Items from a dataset
━━━━━━━━━━

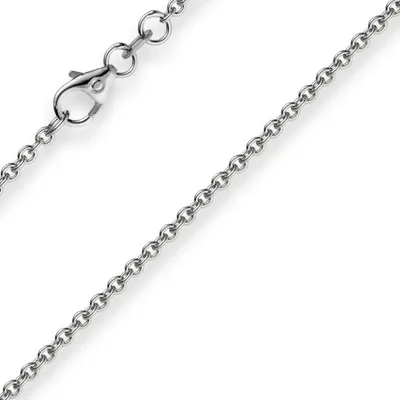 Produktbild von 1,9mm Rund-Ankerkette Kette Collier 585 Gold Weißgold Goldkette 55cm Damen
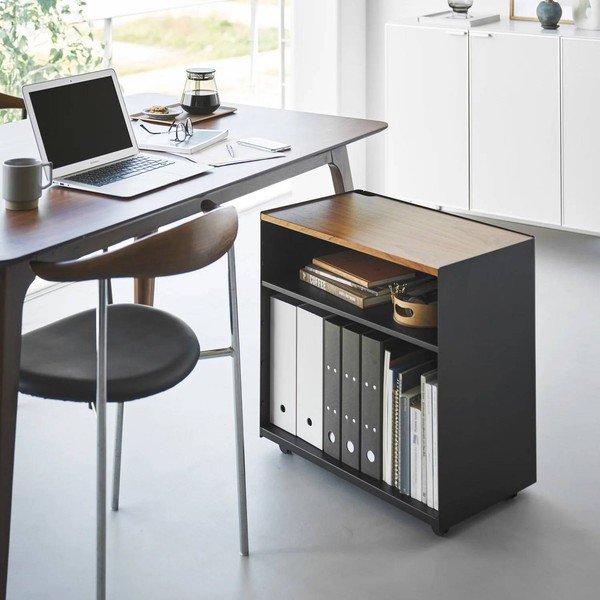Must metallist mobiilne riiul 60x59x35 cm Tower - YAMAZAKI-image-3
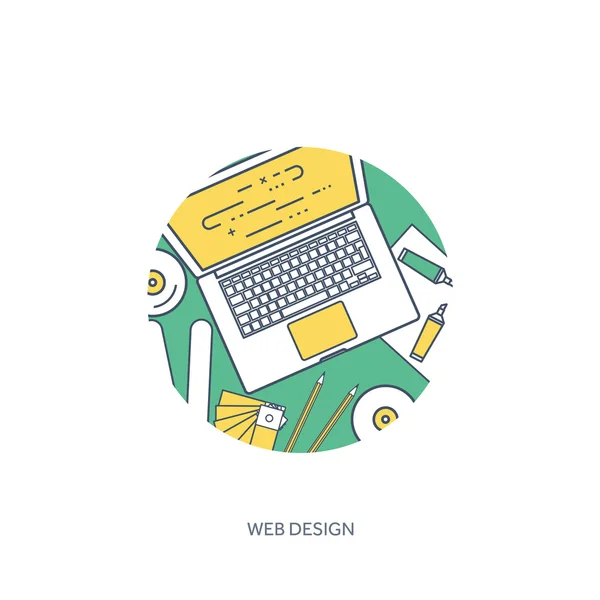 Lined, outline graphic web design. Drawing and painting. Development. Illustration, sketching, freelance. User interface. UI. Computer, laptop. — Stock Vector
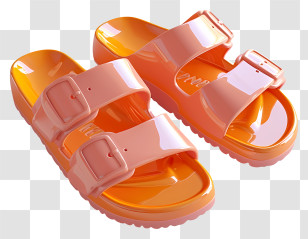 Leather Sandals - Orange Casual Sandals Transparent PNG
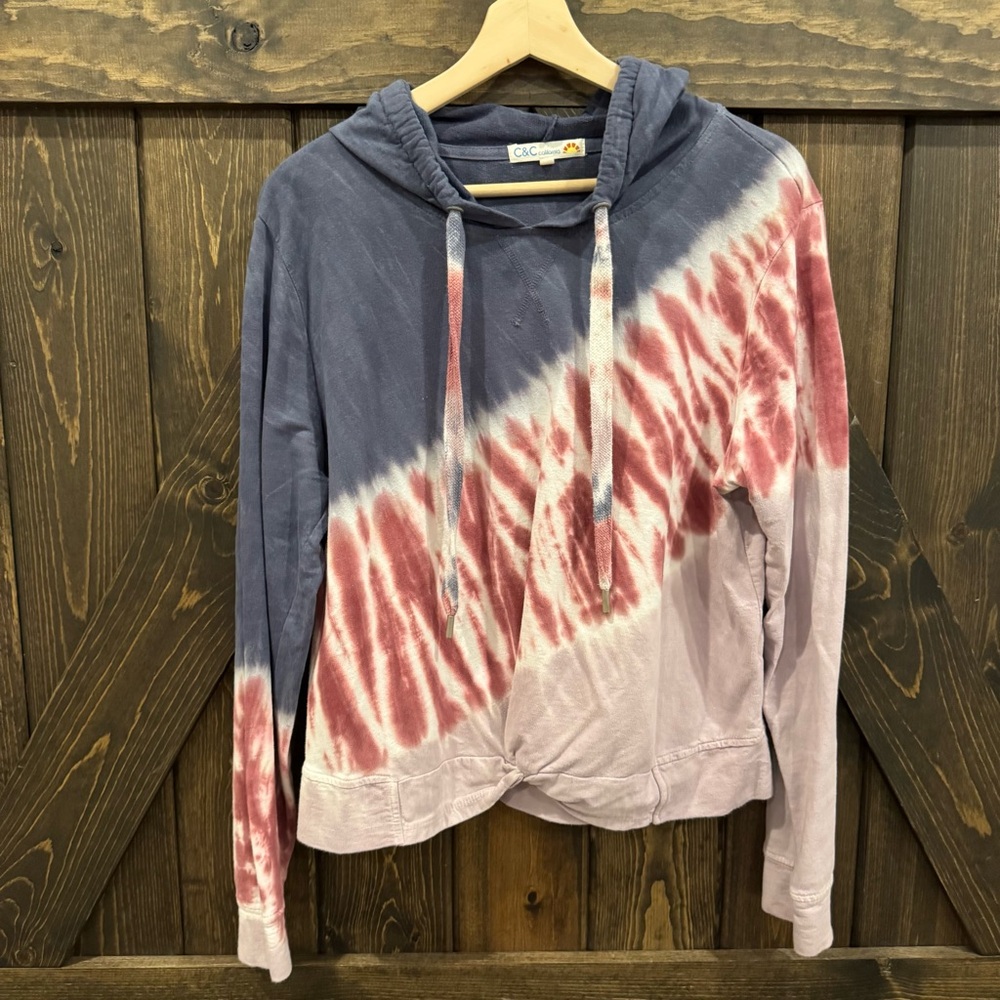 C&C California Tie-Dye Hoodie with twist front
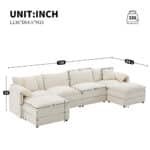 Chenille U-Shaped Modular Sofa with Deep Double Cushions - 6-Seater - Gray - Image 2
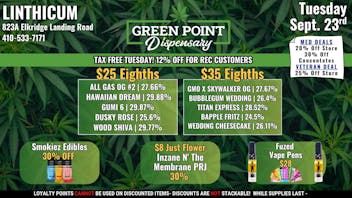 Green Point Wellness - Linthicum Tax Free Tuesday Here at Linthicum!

━━━━━━━━━━

Problem requirements:
Give again, word for word, only the lines from the one with "Lined, outline graphic" through the last line of the entries, both included; no pictures go in the copy.

Solution for this problem:
 Lined, outline graphic web design. Drawing and painting. Development. Illustration, sketching, freelance. User interface. UI. Computer, laptop. — Stock Vector
 Leather Sandals - Orange Casual Sandals Transparent PNG
 C&C California Tie-Dye Hoodie with twist front
 Chenille U-Shaped Modular Sofa with Deep Double Cushions - 6-Seater - Gray - Image 2
 Green Point Wellness - Linthicum Tax Free Tuesday Here at Linthicum!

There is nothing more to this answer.